Si te ha gustado esta entrada puedes enviarme tus comentarios en Mastodon: @editora@mastodon.social

Hubo algún tiempo en el que tal vez me gustó la verbena del pueblo. Las fiestas, los bailes en la plaza. Es un tiempo que pertenece a un pasado que no recuerdo, pero sé que existió porque las amigas de mi abuela, la mayoría ya fallecidas hoy, guardaban en su memoria lo «salada» que yo era de pequeña moviéndome al son de «los pajaritos» y tenían a bien recordármelo año tras año. Su memoria envolviendo a la memoria de esa niña diferente que en cuanto creció un poco dejó de ir a la plaza.

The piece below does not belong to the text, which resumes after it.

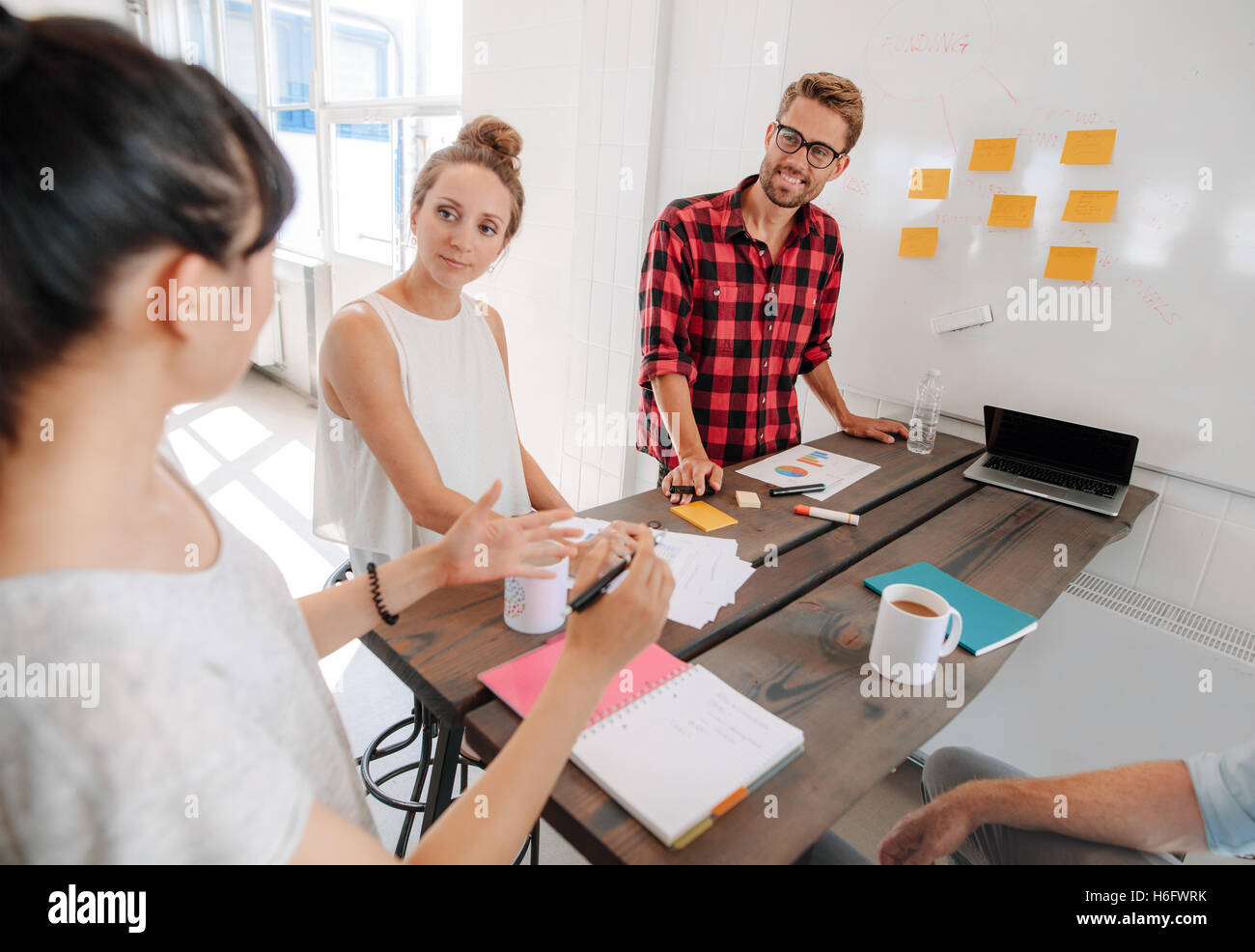 Shot gruppo di diverse persone di affari di discutere in una sala riunioni presso il creative office. I colleghi di avvio di brainstorming busine nuovo Foto Stock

Recuerdo hoy, un viernes en el que son las fiestas del barrio en casa-padres (ya solo casa-madre) mientras suena la música en la plaza detrás del edificio y preveo una noche de no dormir, un texto que escribí en una de mis vidas pasadas, un 26 de junio de 2005 en Sitges. Sigue tan vigente a pesar de los años y del cambio de escenario que lo rescato aquí:

Recuerdos de verbena

Hoy hace una noche perfecta. El calor bochornoso del día ha desaparecido y sopla un vientecito fresco. Regreso a casa tras un paseo por el mar y me encuentro con que son las fiestas de mi barrio. La plaza está llena de mesas y gente comiendo y bebiendo, y a un lado algunos bailan al son de una orquesta. Estoy ante una típica verbena de pueblo, con sus abuelitas bailando pasodoble, los niños jugando a tirar petardos, las parejas maduras compenetradas en el baile, los jóvenes haciendo como que bailan bailes antiguos y los mayores haciendo como que bailan bailes modernos.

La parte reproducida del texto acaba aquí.